The lagoon below the falls is one of the cleanest water pools I have ever swam in, and even here in the tropics, the cool water temperature surprised me. It was a much-needed dip before the return hike down the hill, only to stop to admire the various plants, orchids, and animal life.

On our trek back, Maria told me she had spotted a puma. I quickly caught up to the guide and remained by his side until we reached the river. She laughed at me and said it was a puma, not a jaguar. I told her wild cats don’t roam freely where I’m from, well, not the kind that eats humans.

On the trip home in the curiara, we discussed the myths of Angel Falls and the surrounding flat-top mountains.

Tepui is the indigenous term. I believed the mythology to be all fairy tales until we came to a fork in the river, and the mood in the canoe changed. We sailed past the confluence in silence. Beyond the overhanging branches almost blocking the river opening, I could see a short distance ahead. There were children swimming in the river.

I pointed them out to Maria, she shook her head, and covered her lips with one finger. The silence piqued my interest, especially when I sensed happy children. After studying science and nursing for years, surely, she’d understand I didn’t believe in hoodoo.

So, I waited many hours until we arrived safely at Canaima Lagoon, and I asked her why she couldn’t talk about the people living along the secret river.

She spoke about tribes that missionaries haven’t touched. These tribes refused to have contact with the outside world. Not influenced by modern man, they live solely off the land and use the jungle as their pantry. It’s not unlike the community at our camp. It’s not like we have a shop to buy groceries. The men hunt and fish and the women work the fields and cook the meals. In the few weeks I’ve been here, I’ve lost any excess weight I may have carried by comfort eating chocolate. Even on the boat trip over, I packed enough blocks of chocolate to ration over the months at sea. It helped with the nausea and gave me some energy when I couldn’t stomach the ship’s food.

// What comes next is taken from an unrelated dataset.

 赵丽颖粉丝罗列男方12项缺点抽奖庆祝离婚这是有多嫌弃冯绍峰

When I asked more questions, she said a powerful shaman lived there, and the Pemón community respected their privacy. Many years ago, Caucasian religious missionaries breached the river opening and were shot at with poison arrows, so she emphasized we must not travel there. Ever.

It should have been a red flag.

A clear warning, yet it has sparked curiosity to see these people living in their native life. I don’t want to interfere or make contact, simply observe. I’m not a religious missionary trying to convert their way of life to follow my god or behave a certain way in a modern world.

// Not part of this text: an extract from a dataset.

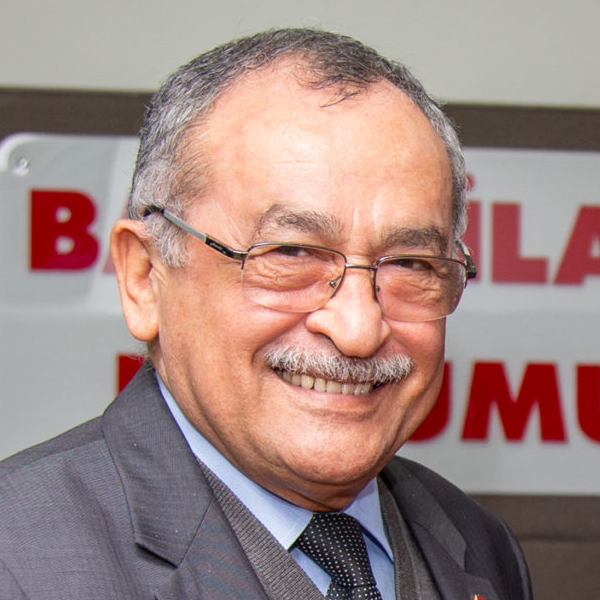 <center>Ahmet Özdemir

I merely want to sit on the bank on the opposite side of the river and observe from behind the trees.

No one will even see me.

Maria doesn’t have to come with me.

I know the way and could borrow a canoe and be back by dinnertime in one day.

December 20, 1962

After giving another letter to the lovely man at reception, I walked the trail back to our camp. It was a five-mile walk each way, and it gave me time to reflect and understand the overwhelming emotion that keeps hitting me like a freight train from the moment I open my eyes.

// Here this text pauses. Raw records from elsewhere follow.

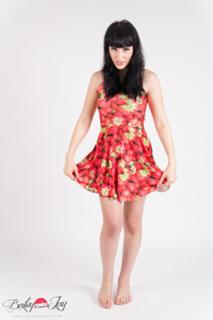 Bailey Jay feet photo thumbnail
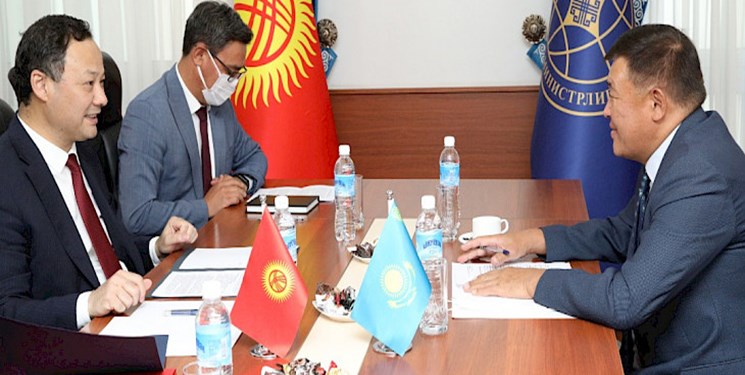 قرقیزستان خواستار کاهش محدودیت ترانزیتی وسائل نقلیه این کشور در قزاقستان شد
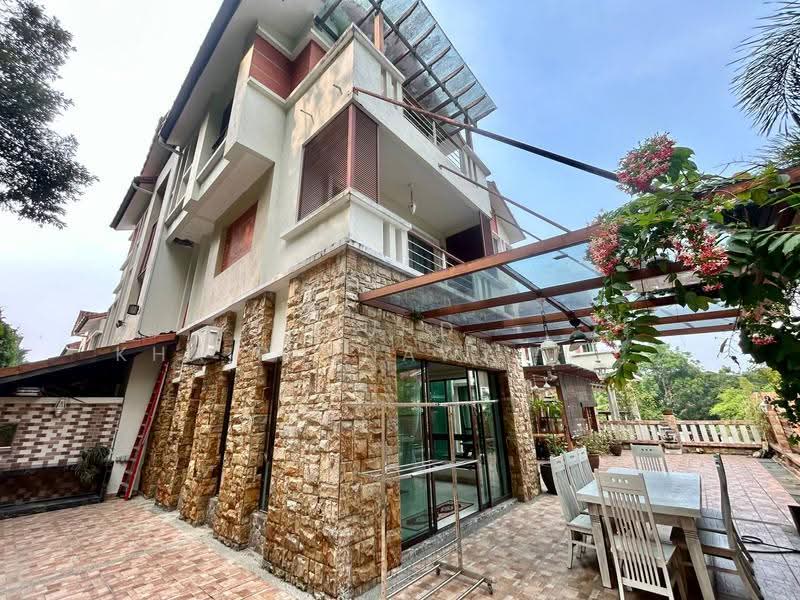 Bungalow House for Sale in Taman Melawati (Ulu Kelang) - Muhd Khairulnawawi Kamaruddin - Exterior - PropertyGuru.com.my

Overnight, we lost three children to measles, a disease that spreads like wildfire. It could decimate this community as the people have no immunity. One child suffered respiratory complications, and sadly, I assumed pneumonia killed him in the end. The other two were from encephalitis. I believed both girls were recovering. One day, they were sitting up talking and eating. Their fevers had broken. Then their brains stopped communicating with the muscles. In a short time, they couldn’t move, fell into a coma, and died.

I’d seen it before and should have known not to be complacent in the recovery window. Measles fools us all.

Measles didn’t distinguish between the rich or the poor or the color of your skin.